Problem description » Print all of the data below exactly as it appears, leaving out every image.

Source data »
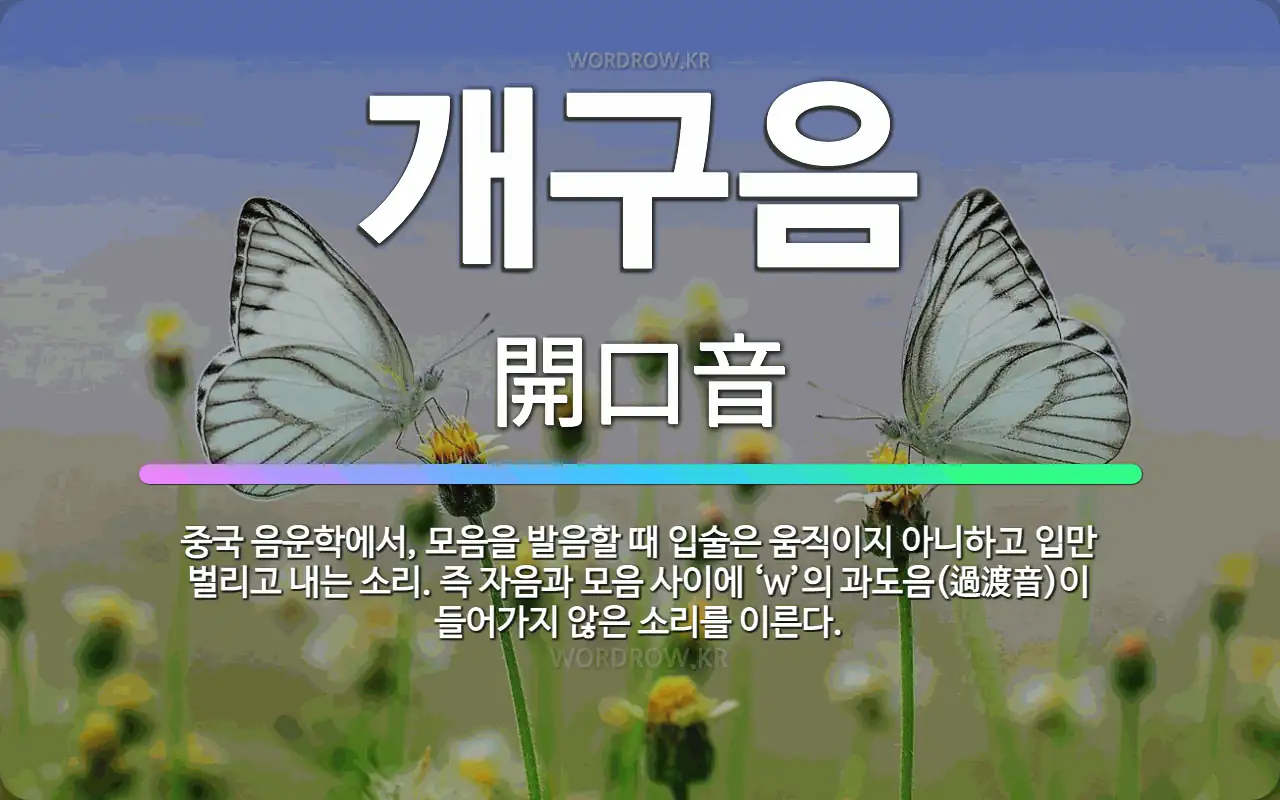🌟개구음: 중국 음운학에서, 모음을 발음할 때 입술은 움직이지 아니하고 입만 벌리고 내는 소리. 즉 자음과... - 표준국어대사전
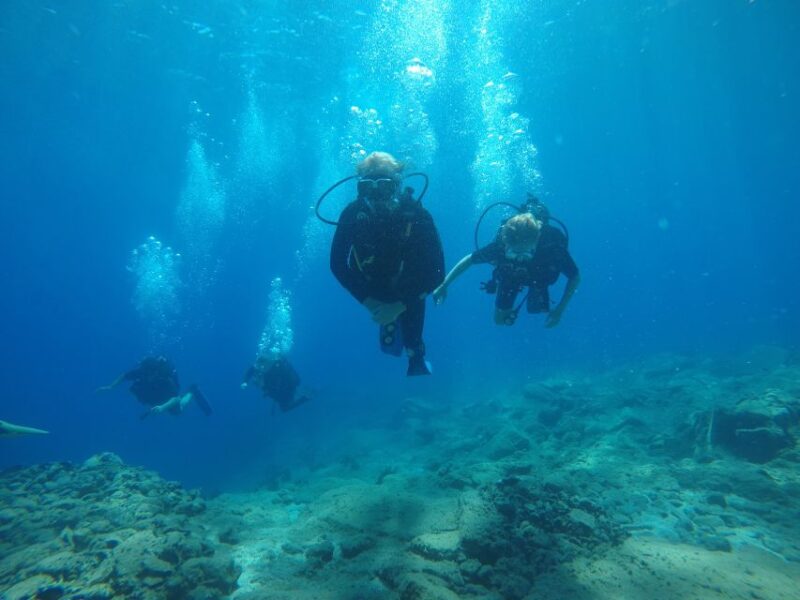 Oia: 2 Guided Scuba Dives off Santorini for Certified Divers - Dive Duration and Group Size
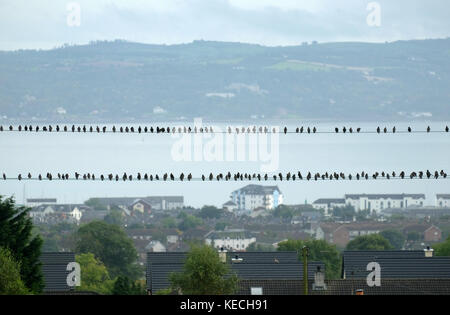 Stare auf Telegrafendrähten, Carrickfergus, Nordirland. Stockfoto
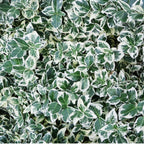 Productafbeelding van Pureplant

Output of the exercise »
🌟개구음: 중국 음운학에서, 모음을 발음할 때 입술은 움직이지 아니하고 입만 벌리고 내는 소리. 즉 자음과... - 표준국어대사전
 Oia: 2 Guided Scuba Dives off Santorini for Certified Divers - Dive Duration and Group Size
 Stare auf Telegrafendrähten, Carrickfergus, Nordirland. Stockfoto
 Productafbeelding van Pureplant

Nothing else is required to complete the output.